However you may think of overachievers, there’s no doubt that they excel in what they wish to. Even if ‘overachiever’ has a negative connotation for some, it’s important to take a step back and see what they can do.

“I tend to go above and beyond what’s expected of me,” Junior Luana Vasile started,  “If I do the bare minimum it’s not gonna help me in the long run. It would be better if I tried to do more now while it could lead me to good things in the future, rather than wait and be forced to do more things when I don’t want to.”

Vasile even stated she was an oddity, as she prefers overachieving not on projects, but on paperwork.
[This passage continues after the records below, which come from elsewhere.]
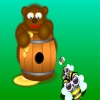 Мед для медвежонка (Honey Bear)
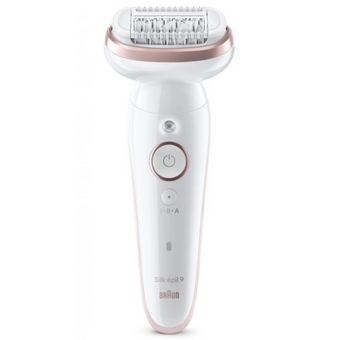  Эпилятор BRAUN SES9-000 электрический 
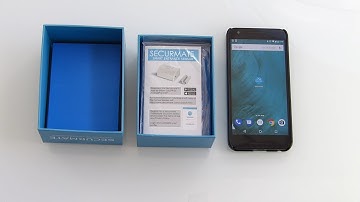 Add New Securmate Sensor for Android phones.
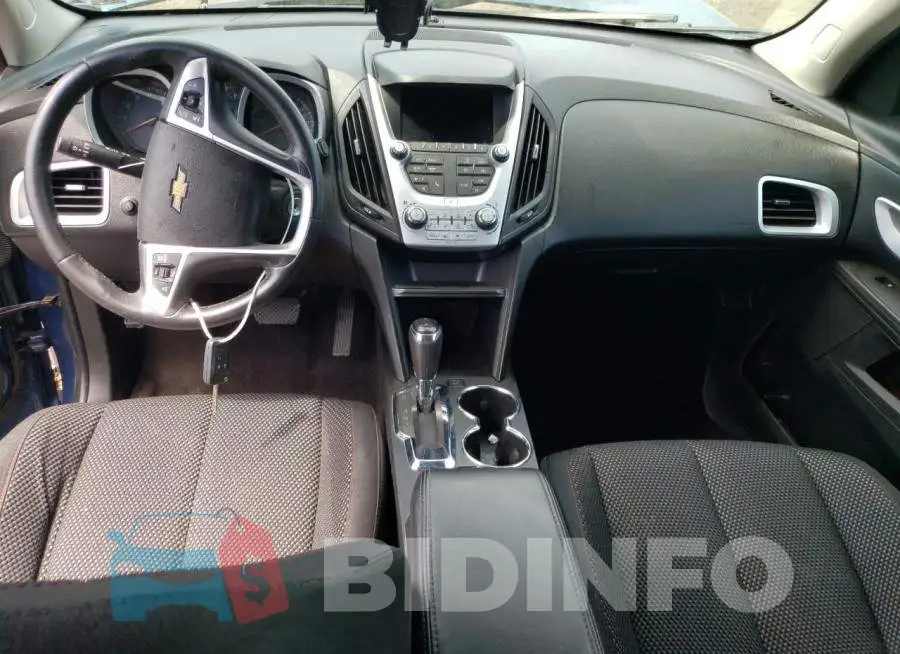 2GNFLFEK5G6253533 Photo# 8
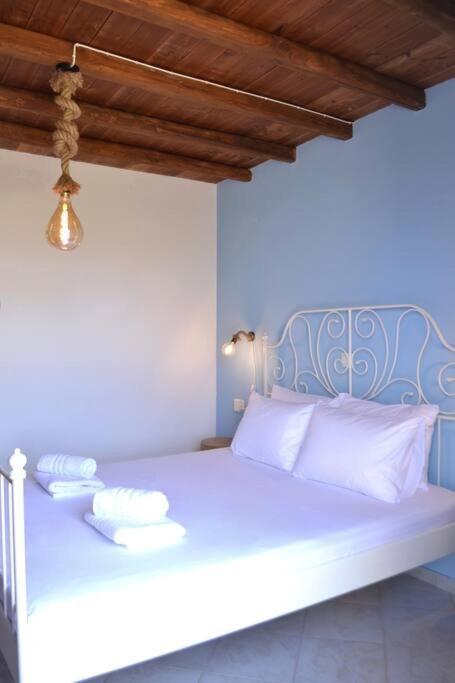 Holiday home Liogerma Serifos Town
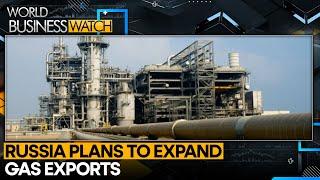 Putin Has Options for Russian Gas After Ukraine Route Closed | World Business Watch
“I hate projects, group projects, all that stuff, I prefer doing worksheets. And like on math worksheets, obviously you can’t go above and beyond but like on English work and stuff like when we have to write an essay and we have to answer questions then I write a lot and go above and beyond what she expects,” Vasile said.
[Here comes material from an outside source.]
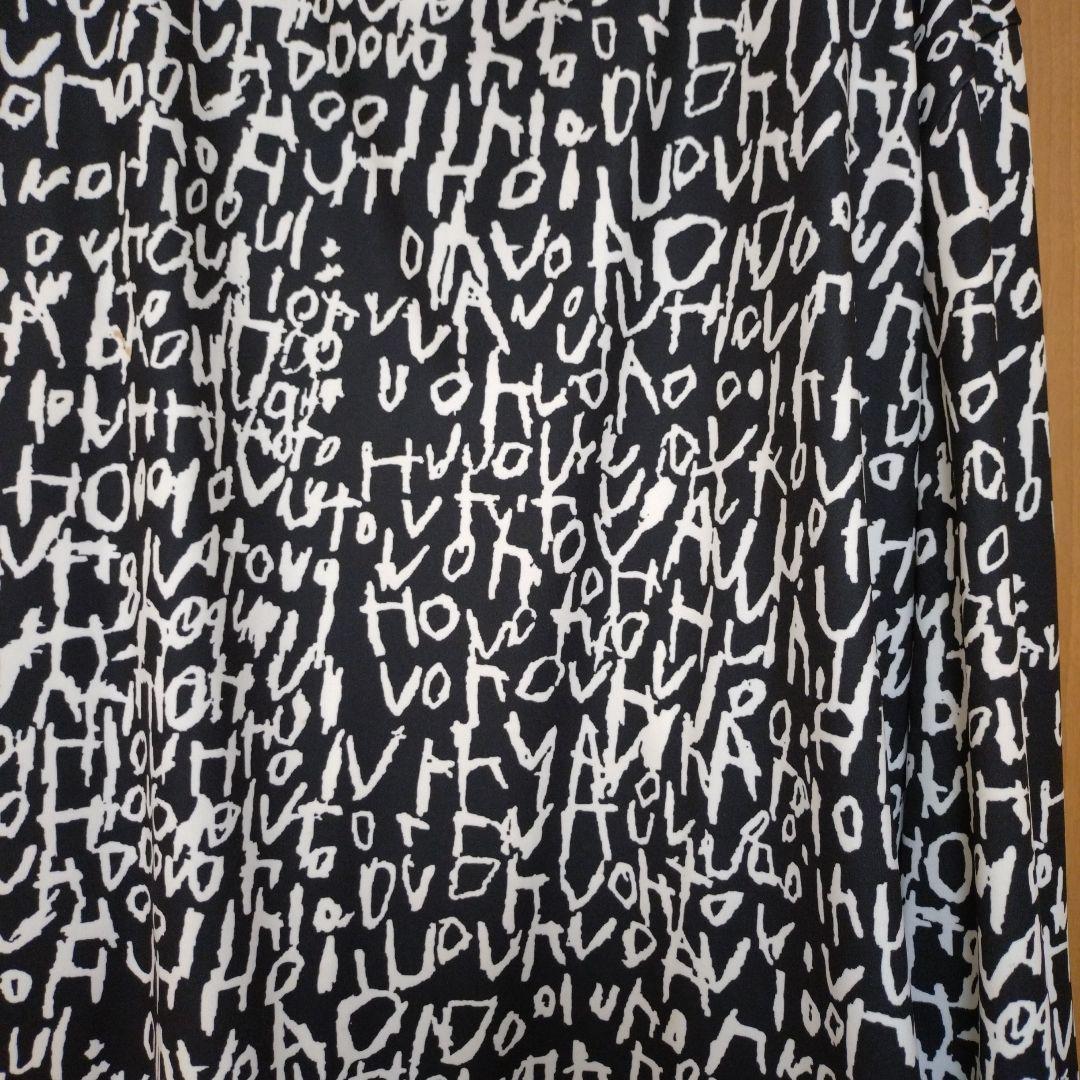 p*n様 PLUS　 edward gossカットソー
Some students have more reasoning behind their work ethic, however, and do it for their own validation.

“Usually, when it comes to my philosophy towards work, I like to, and it sounds really pompous, I like to be better than everybody else. Just to put it bluntly, that’s kind of one of the things I do,” Senior Kenny Peng said, “And it helps drive me to do better. To always do better than what I did last time. And because of that, I guess I  am kind of an overachiever.”

Students aren’t the only ones with opinions on their peers, however. Teachers have their own say in this students.

“I think it’s amazing,” said Roger Mayo, one of the Computer Science teachers, “If [students] want to become a really great coder, they’re not going to just want to do the small little assignments I give in class. It’s when they decide to expand, that’s when they become great.”